In the signal processing arena, it is generally accepted that the airways is not a perfect medium. Thus, it is usually taken for granted that when a signal is sent from a source node to a destination node, some noise and distortion will be injected into the source signal. Because noise and distortion are almost invariably introduced, a primary goal of signal processing is to compensate for, or to offset, the noise and distortion so that an exact replica (or a reasonably close replica) of the source signal can be reconstructed. To accomplish this goal, filters and equalizers are often implemented at the destination node. It is often the case that the distortion caused by a communications channel is not constant but rather varies over time. To compensate for this varying distortion, adaptive filters are typically used. In adaptive filters, the tap weights or coefficients of the filter are continuously updated to compensate for the varying amounts of distortion. Several types of adaptive filters are currently known in the art, including transversal adaptive filters. The adaptive filters currently known are effective when applied in situations where all portions of a signal are captured by a single receiver.
While in many applications, a signal can be captured and processed by a single receiver, there are applications in which a signal is only partially captured by each of a plurality of receivers. All of the receivers combined capture the entire signal but each individual receiver receives only a portion of the signal. An example of such a situation is one in which a source signal has a bandwidth of 40 MHz and the signal is captured (with some frequency overlap) by two receivers, each receiver having a receiving bandwidth of 22 MHz to capture approximately one half of the signal. The multichannel processing of wide band signals involves different techniques and considerations than for single-channel processing of signals.
Currently, two well known techniques are used for multichannel processing. The first technique involves the use of a multichannel adaptive filter. In this technique, different portions of the source signal are received by different receivers and the outputs of these receivers are summed to provide a reconstructed signal. This reconstructed signal is then passed through an adaptive filter to remove at least some of the distortion imposed by the various receivers or channels. The signal at the output of the filter is compared to a reference signal to derive an error component, and using this error component, the tap weights in the adaptive filter are modified so as to reduce the error component. This technique is adequate for some applications, but it has a significant drawback in that it is not robust. If the outputs of the various receivers are somehow time-delayed with respect to each other (as they may be if the receivers are separated from each other by a large distance), or if any of the receiver outputs are offset in frequency even by a small amount, this method cannot reconstruct a reasonable replica of the original source signal. Because this technique is relatively intolerant to equipment and implementation variations, its utility is limited.

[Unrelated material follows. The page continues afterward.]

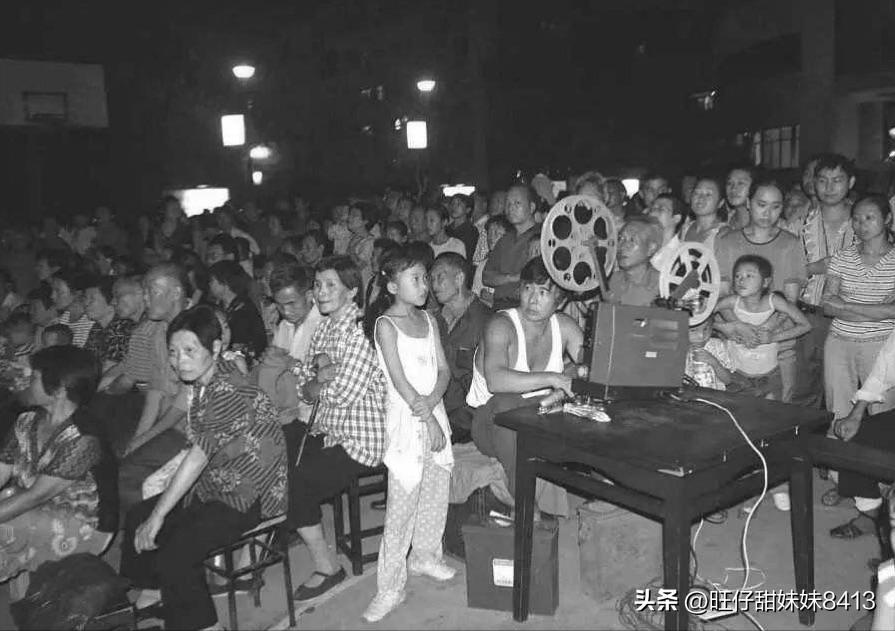 70年代老照片历历在目,七十年代的露天电影是什么样子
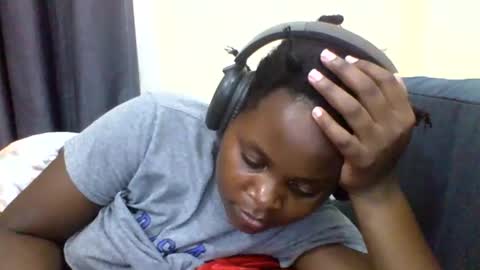 Snapshot of grannylover_ chatting on 19, 11, 2025 grannylover_ online show from 19, 11, 2025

An alternative technique for processing multichannel signals involves the use of quadrature mirror filters. According to this technique, the outputs of the various receivers are carefully filtered using quadrature mirror filters, thereby ensuring that the signal component from each receiver may be upsampled and added to the other to reconstruct the original signal. The filters are not adaptive. Such a technique is described in Crochiere and Rabiner, Multirate Signal Processing, Prentice-Hall, 1983. This technique has the same drawbacks as the one discussed above. Specifically, if the outputs of the receivers are time delayed with respect to one another in an unpredictable or variable manner, or if the outputs of the receivers have experienced an unknown offset in frequency, this technique cannot successfully reconstruct the original signal.
As discussed above, the techniques currently used for processing multichannel signals do not provide satisfactory results. A more robust method and system capable of tolerating variable and larger time delays, frequency offsets, and variable frequency overlaps is needed.